七夜の星に手を伸ばせ・番外編

俺様王子と一夜の宴








「はぁ!?貸切りだとぉ!?」

思わず上げてしまった自分の声が、人気のないロビーに響き渡って、慌てて口を塞ぐ

「そうだよ、流。だから気兼ねなくホテル中探検して回ってきてもいいんだよ?」

ニコニコと無邪気な笑みを浮かべてそう言ったこの人は、一体今何歳なんだか・・・それを問うことすら馬鹿らしいと思わせる、人の目を欺くことを商売としている超メジャー級マジシャン「北斗」

俺、浅倉 流の養父でもあり、男のくせに思わず見惚れてしまうほどの飛び切りな美人だ

その北斗と俺と麗と昴・・・久しぶりの親子対面という事で、この世界でも指折りの最高級ホテル・Wホテルで食事をする・・・ということになったのだ

体調不良で断りのメールを入れてきた、長男である七星を除いて・・・

で、はっきり言って、俺は断った

きっぱり、すっぱり、断固として、嫌だっ!!と、言い募った

なのに!

この北斗は必殺の落ち込んだ表情を見せつけ、「・・・・流は・・私が嫌いなのか?」だなどと言って、俺の反論を封じてしまった

この養父も食わせ者だ

俺が嫌がってるのが北斗じゃなく、その横でジ・・ッと俺を見つめているハサン王子だって事を知ってて、ワザと俺が断れないような問い方をする

そして結局、昔からあきらめが早い俺は、その流れに流される

自分の名前は、そんな性格から付けられたんじゃないのか・・?と、たまに思わないでもない

そんなこんなで、今俺はWホテルのロビーに立っていて、北斗に「探検しないの?」とばかりに顔を覗き込まれている

「・・・・あのな、北斗!一体俺達をいくつだと・・・」

ため息をつきながら言いかけた言葉を、甘ったれで完璧北斗・フェチである昴が遮った

「行くーーーーッ!!こんな機会、滅多にないじゃん!!」

「そーだねぇ。Wホテルを貸切でディナーなんて・・・贅沢の極みだしな。最上階のスィートルームの中もこんなことでもない限り見れないだろうし・・・のった!」

楽しげに青い瞳を細めて言ったのが、麗

「な・・・っ!?麗!?何でお前まで!?」

いつもは冷静沈着、昴の言う事なんか一言で切って捨てるような奴が!

「だって流、興味ない?世界中の金持ちがこぞって泊まりたがる最高級ホテルのスィートルームだよ?セキュリティーも万全で、一般人なんて近付けもしない部屋なのに!」

そう言った麗の目が、思いっきり何かを企んだ色を滲ませて笑っている

・・・うそだ

完璧に、嘘だ・・・!

絶対、間違いない!麗がこういう目をして笑っている時は、大抵ろくでもない事を考えているんだから・・・!

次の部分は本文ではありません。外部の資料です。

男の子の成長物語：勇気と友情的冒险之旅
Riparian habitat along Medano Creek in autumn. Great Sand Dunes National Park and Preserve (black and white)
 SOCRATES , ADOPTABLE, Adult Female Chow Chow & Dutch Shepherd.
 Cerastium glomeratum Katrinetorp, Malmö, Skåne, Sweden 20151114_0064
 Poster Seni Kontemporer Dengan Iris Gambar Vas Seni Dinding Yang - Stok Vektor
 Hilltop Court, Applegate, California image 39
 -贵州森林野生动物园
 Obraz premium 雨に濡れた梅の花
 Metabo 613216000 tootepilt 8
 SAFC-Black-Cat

「・・・麗・・・てめぇ、またなんかロクでもねーことを・・・!」

「ん?なんの事?それより流、早く行かないとハサン王子が着替えて降りてきちゃうよ?いいの?」

「っ!!」

そ、そうだった・・・

北斗と一緒に外出したハサンは、いつもの民族衣装ではなくて、一般的な洋服を身につけていた

だからホテルに戻るとすぐに、窮屈だ・・!とかぬかして着替えに行って、まだ帰って来ていない・・・!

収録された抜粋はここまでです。